And that is the next thing which our own understandings will instruct us in concerning God, viz. his eternal power. For as we find a will and power within ourselves to execute the results of our own reason, so far as we are not hindered by some potent cause: so we know it must be a mighty inward strength that must enable our understandings to their, proper functions, and that life, energy, and activity can never be separated from a power of understanding. The more unbodied any thing is, the more unbounded also is it in its effective power: body and matter being the most sluggish and unwieldy thing that may be, having no power from itself nor over itself and therefore the purest mind must also needs be the most almighty life and spirit; and as it comprehends all things, and sums them up together in its infinite knowledge, so it must also comprehend them in all its own life and power. Again, that which produced that substantial life and mind by which we know ourselves, must be something much more mighty than we are, and can be no less indeed than omnipotent, and must also be the first architect of all other beings, and the perpetual supporter of them.

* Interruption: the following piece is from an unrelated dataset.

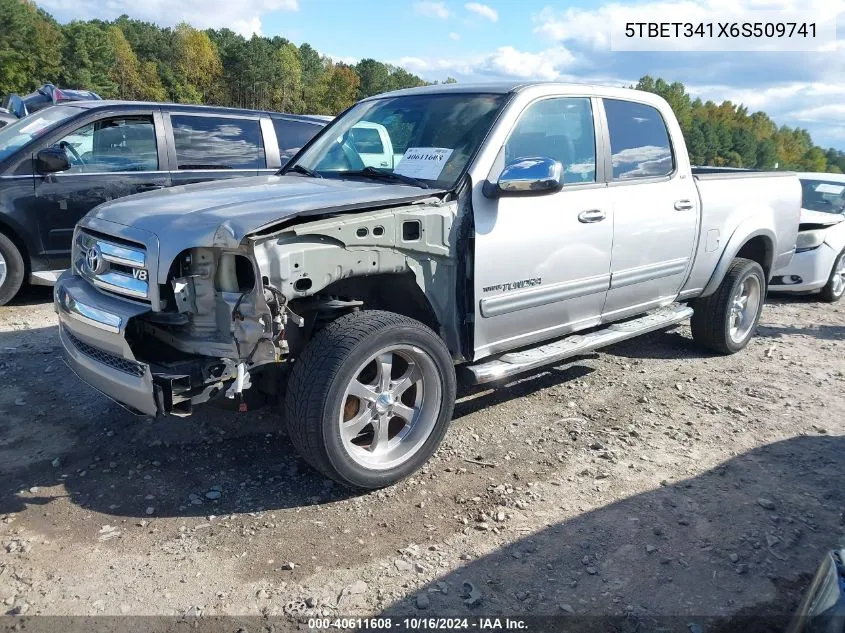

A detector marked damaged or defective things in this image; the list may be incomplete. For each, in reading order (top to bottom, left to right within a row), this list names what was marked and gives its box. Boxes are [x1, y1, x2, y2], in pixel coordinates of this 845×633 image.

damaged silver pickup truck [56, 82, 800, 488] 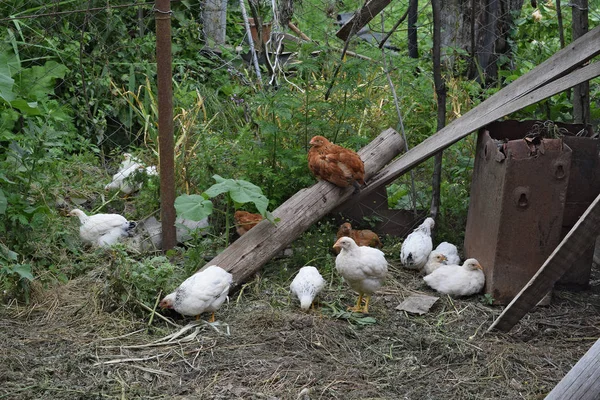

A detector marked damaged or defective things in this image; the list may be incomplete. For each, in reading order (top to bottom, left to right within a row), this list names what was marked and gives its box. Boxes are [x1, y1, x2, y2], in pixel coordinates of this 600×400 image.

We may also know from the same principles, that an almighty love, every way commensurate to that most perfect being, eternally rests in it, which is as strong as that is infinite, and as full of life and vigor as that is of perfection. And because it finds no beauty nor loveliness but only in that and the issues thereof, therefore it never does nor can fasten upon any thing else. And therefore the divinity always enjoys itself and its own infinite perfections, seeing it is that eternal and stable sun of goodness that neither rises nor sets, is neither eclipsed nor can receive any increase of light and beauty. Hence the Divine love is never attended with those turbulent passions whereby our love is wont to unfold its-affections towards its object. But as the Divine love is perpetually most infinitely ardent and potent, so it is always calm and serene, unchangeable, having no such ebbings and flowings as that love path in us which arises from the weakness of our understandings, that do not present things to us always in the same luster and beauty: neither we nor any other worldly thing, (all which are in a perpetual flux,) are always the same. Besides, though our love may sometimes transport us and violently rend us from ourselves and from all self enjoyment, yet the more forcible it is, by so much the more it will be apt to torment us, while it cannot center itself in- that which it so strongly endeavors to attract to it; and when it possesses most, yet is it always hungry and craving, it may always be filling itself, but, like a leaky vessel, it will be always emptying itself again. Whereas the infinite ardor of the Divine love, arising from the unbounded perfection of the Divine being, always rests satisfied within itself, is wrapped up and rests in the same central unity in which it first begins.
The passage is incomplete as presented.